Several stories have appeared recently about the Pew Research Center's study on declining marriage rates in America (see here and here for examples). Based on analysis of U.S. Census data, the study finds that barely half of all adults in the U.S. are currently married—a record low. While the report does not discuss the causes behind the trend (a long-term one that has also been seen in other industrialized countries), some have asked what role the Great Recession may play in couples' decisions to delay their wedding days.
As part of its special initiative on the Great Recession, the Russell Sage Foundation published a study entitled "The Great Recession's Influence on Fertility, Marriage, Divorce and Cohabitation." Here's the key paragraph on marriage:
Figure 8.6 (below) shows the marriage rate since 1998. Since the start of the Great recession, the marriage rate has declined, but that rate was already declining prior to the recession. Contrary to some accounts in the media, there seems to be no major inflexion of the trend in the Great Recession "window" (shaded area in the figure)...We find little evidence of major recession effects on marriage. Further analysis with future data will be able to answer this question with greater precision.
The chapter also includes excellent data on the effects of unemployment and fertility. Do couples postpone births because of a stagnant economy?
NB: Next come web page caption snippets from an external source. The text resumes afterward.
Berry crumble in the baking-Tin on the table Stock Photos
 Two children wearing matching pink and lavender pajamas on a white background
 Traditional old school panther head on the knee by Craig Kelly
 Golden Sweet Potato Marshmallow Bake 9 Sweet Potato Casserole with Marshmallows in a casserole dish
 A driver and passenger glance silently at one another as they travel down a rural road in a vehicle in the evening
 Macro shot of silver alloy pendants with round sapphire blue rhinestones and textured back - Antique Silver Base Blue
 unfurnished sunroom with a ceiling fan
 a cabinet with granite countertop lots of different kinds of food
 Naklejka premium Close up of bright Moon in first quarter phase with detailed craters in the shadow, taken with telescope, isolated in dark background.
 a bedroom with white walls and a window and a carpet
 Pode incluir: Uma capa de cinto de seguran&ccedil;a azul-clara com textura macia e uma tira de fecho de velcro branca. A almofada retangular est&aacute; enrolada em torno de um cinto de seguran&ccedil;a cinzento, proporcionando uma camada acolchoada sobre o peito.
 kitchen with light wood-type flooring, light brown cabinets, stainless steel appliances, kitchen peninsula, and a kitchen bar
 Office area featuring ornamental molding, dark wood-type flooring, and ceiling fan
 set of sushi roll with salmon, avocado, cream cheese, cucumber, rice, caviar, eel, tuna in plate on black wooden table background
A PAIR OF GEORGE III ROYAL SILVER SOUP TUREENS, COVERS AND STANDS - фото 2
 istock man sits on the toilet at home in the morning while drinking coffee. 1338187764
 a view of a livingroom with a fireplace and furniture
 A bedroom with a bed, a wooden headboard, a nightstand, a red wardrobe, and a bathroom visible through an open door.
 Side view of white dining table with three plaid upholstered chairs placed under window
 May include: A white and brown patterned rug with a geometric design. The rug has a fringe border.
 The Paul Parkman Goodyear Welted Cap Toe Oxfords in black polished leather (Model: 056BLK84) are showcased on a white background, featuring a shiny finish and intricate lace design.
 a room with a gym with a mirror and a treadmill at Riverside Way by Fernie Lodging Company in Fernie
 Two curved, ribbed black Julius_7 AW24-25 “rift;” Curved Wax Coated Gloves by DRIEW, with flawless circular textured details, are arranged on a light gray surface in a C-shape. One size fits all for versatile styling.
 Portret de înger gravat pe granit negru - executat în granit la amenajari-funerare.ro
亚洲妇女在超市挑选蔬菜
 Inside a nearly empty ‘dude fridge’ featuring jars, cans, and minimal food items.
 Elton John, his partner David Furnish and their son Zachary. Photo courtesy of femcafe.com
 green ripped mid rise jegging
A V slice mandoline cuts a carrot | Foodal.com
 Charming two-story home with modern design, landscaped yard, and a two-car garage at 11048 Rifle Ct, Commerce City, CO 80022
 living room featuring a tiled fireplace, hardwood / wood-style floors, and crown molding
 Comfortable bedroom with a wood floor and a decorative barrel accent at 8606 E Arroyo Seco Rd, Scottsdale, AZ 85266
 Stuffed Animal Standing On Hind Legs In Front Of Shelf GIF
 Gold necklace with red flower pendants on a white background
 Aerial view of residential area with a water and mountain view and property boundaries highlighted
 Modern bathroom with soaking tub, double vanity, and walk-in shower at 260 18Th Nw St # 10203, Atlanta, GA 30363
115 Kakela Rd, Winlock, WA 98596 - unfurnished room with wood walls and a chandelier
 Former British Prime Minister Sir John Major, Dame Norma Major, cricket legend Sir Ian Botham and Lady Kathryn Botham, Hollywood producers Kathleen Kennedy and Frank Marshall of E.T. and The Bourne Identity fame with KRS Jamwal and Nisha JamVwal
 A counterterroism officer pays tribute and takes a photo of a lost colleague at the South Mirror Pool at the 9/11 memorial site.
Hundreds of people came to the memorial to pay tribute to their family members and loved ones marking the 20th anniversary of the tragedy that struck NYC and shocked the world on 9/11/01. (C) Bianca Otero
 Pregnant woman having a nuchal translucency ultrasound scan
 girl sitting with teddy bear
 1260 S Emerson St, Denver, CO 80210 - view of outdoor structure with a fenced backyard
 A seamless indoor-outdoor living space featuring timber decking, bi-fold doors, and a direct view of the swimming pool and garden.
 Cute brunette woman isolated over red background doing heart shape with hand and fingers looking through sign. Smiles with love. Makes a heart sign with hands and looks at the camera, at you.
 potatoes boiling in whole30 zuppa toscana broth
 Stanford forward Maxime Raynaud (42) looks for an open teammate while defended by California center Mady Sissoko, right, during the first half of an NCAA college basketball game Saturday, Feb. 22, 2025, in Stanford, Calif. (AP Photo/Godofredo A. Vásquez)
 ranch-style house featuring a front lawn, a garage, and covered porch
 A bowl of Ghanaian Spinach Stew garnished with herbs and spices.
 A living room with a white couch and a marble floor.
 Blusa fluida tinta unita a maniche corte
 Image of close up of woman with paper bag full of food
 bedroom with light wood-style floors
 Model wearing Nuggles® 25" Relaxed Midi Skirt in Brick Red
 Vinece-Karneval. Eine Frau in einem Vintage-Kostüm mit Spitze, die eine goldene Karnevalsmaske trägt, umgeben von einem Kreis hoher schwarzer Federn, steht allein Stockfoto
Figure 8.2 (below) provides the first piece of evidence—a focus on monthly levels of the General Fertility Rate compared to the unemployment rate nine months earlier. Changes in these indicators show a clear inverse association; increases in unemployment (a near doubling from roughly 4.5 to 9 percent) are associated with fertility declines of approximately 5 percent (GFR declines from apprxoimately 69 to 65 births per 1000 women aged 15 to 49). The upturn in unemployment is matched closely by a fertility downturn roughly nine months later.